Although I do agree that they need another hitter as well. I am still holding out hope for Lucroy, but who knows. A very important help would be a rebound season from Story and/or Desmond. Story could be written off as a sophomore slump and Desmond missed ST and the first month of the season so he never really had a chance to get going.
wellhitball
How about the Rockies trading for Verlander? He’s pitched 1 game at Coor’s over the past 3 years and he went 6 IP, struck out 9, and gave up 1 run. Obviously I’m not saying he’ll replicate that but it’s nice to know his pitches didn’t automatically turn into beach balls at a higher altitude.
dynamite drop in monty
Maybe this is the season where David Nied finally steps up!
vtadave
Or they get some value out of Mike Hampton and Denny Neagle.
BobbyJohn
The Rockies are a consistent offense away. Their pitching was just fine in 2017 and in need of a tweak, not an overhaul.

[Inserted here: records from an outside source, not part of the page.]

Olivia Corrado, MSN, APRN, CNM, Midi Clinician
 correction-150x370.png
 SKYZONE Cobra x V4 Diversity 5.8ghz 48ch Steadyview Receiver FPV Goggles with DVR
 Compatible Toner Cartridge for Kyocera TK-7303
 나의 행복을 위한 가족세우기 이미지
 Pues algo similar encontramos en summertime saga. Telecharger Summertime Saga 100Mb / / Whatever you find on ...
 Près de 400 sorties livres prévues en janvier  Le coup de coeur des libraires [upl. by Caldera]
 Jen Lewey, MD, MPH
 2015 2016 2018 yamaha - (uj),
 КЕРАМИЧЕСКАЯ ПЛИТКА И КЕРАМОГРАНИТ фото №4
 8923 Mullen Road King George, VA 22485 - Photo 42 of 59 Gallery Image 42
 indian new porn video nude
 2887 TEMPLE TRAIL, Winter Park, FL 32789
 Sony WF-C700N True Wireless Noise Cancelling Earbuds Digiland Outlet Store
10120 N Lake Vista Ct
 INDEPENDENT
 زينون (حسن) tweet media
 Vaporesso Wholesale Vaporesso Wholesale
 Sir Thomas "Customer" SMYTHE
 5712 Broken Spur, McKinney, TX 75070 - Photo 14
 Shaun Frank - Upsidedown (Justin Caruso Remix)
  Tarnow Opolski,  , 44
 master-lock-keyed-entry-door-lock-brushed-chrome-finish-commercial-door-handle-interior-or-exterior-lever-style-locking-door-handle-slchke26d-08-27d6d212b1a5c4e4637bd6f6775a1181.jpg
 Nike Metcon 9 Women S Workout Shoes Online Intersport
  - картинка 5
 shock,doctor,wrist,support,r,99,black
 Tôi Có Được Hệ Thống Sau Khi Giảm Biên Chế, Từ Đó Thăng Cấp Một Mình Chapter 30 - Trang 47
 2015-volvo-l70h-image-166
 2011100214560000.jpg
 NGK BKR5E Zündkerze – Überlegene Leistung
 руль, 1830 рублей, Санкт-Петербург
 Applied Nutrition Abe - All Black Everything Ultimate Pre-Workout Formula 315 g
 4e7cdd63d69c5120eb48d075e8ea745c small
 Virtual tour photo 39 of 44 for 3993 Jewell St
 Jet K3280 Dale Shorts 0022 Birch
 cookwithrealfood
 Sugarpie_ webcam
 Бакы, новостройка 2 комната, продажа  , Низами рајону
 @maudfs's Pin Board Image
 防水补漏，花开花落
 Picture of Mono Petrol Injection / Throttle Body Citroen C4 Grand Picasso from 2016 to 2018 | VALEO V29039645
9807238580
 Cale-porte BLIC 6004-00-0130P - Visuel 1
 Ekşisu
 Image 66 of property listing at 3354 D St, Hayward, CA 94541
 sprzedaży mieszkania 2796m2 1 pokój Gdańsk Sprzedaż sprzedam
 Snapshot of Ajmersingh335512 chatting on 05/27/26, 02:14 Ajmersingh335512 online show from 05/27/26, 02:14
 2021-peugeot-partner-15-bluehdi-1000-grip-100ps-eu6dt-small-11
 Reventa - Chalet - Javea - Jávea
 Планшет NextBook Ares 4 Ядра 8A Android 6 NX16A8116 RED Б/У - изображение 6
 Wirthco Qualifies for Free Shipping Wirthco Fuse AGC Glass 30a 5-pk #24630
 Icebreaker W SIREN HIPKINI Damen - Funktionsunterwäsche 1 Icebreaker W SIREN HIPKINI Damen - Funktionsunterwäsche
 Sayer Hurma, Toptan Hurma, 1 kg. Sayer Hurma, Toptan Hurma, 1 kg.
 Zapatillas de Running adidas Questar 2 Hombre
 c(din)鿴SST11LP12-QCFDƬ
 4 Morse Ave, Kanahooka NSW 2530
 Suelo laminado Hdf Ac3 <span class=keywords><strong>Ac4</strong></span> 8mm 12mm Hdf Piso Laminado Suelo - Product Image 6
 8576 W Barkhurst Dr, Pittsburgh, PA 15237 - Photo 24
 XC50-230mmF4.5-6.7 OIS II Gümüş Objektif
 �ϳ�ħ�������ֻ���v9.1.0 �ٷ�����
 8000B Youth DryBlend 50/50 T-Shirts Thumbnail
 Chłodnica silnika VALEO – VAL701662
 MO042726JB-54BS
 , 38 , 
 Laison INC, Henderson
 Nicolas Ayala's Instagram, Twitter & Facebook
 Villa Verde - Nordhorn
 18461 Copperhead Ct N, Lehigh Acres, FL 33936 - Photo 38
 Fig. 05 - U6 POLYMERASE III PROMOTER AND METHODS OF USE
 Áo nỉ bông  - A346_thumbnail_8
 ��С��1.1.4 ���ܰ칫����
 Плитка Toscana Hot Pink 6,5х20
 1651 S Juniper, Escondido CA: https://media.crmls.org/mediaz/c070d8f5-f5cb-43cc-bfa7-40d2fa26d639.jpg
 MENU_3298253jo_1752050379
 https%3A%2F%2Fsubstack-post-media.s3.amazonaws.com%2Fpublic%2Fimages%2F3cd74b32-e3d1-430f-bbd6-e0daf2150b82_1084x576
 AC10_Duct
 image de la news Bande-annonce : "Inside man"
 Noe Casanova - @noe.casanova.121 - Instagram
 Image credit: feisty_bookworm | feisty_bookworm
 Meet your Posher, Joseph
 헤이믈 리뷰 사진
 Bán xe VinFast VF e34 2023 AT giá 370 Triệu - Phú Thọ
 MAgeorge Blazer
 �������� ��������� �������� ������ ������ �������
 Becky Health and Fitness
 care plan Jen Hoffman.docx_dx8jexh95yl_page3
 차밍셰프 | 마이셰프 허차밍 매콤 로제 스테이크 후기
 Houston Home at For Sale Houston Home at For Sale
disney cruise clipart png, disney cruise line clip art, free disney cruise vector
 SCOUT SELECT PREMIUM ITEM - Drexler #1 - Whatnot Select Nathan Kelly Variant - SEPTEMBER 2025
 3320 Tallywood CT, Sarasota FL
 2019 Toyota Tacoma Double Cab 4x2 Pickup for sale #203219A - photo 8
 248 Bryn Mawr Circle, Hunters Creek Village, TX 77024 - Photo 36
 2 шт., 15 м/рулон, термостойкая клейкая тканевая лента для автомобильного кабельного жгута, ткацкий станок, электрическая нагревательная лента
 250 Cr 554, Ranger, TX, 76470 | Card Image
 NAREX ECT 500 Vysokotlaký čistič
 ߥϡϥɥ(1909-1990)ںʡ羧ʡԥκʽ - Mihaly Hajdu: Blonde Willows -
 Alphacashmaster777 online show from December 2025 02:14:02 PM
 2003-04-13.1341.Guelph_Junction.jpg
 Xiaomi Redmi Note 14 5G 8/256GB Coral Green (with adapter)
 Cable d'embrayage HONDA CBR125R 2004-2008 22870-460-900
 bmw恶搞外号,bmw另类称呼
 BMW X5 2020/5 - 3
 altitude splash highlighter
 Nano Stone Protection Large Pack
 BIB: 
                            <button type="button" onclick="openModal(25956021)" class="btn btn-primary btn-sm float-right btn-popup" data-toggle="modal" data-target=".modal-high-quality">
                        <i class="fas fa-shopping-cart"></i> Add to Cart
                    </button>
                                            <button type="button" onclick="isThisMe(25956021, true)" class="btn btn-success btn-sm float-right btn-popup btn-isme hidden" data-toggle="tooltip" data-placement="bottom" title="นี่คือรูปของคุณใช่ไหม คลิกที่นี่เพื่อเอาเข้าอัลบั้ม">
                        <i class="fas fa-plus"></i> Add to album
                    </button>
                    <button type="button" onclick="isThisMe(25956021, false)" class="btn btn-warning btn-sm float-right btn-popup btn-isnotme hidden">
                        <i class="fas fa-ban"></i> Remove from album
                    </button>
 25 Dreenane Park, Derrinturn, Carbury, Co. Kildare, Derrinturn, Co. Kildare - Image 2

But outside of Arenado and Blackmon, the offense is WAY below average, and barely average when you add those two in.
Oriolenick
Hopefully with all these relief arms coming off the board the os can trade Britton and hopefully brach or Oday
swanhenge
Wow, big get for the Rox. Lots of teams in on McGee.
surefirewinners
The Red Sox better go after Tony Watson, the last upper echelon LH reliever available.
brucewayne
Zach Duke is left.
TurkeyClubSamich
Hell to the YES! Let’s go Rox!
brewcrew08
Did I just read the deal could total up to $50M over 4 years? Holy overpay..
JKB 2
Thats with performance bonuses that he has to meet and if he does it would not be an overpay
ldfanatic
Astros lost out on him. Was hoping he would be the lefty specialist.